■ **Available data**
[Start of Attachment]

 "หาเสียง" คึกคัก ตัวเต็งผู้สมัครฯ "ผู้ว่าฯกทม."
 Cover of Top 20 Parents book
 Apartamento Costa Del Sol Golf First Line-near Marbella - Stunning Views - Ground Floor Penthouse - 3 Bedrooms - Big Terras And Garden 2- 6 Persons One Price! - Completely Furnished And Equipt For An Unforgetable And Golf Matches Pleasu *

[End of Attachment]
[Start of Attachment]

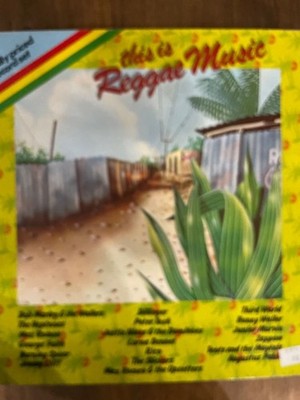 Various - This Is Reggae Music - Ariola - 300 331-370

[End of Attachment]

Could you repeat exactly the lines in the listing above from the one with "Cover of Top 20 Parents book" down to the one with "Apartamento Costa Del"? Include both of those lines.

■ **Task response**
 Cover of Top 20 Parents book
 Apartamento Costa Del Sol Golf First Line-near Marbella - Stunning Views - Ground Floor Penthouse - 3 Bedrooms - Big Terras And Garden 2- 6 Persons One Price! - Completely Furnished And Equipt For An Unforgetable And Golf Matches Pleasu *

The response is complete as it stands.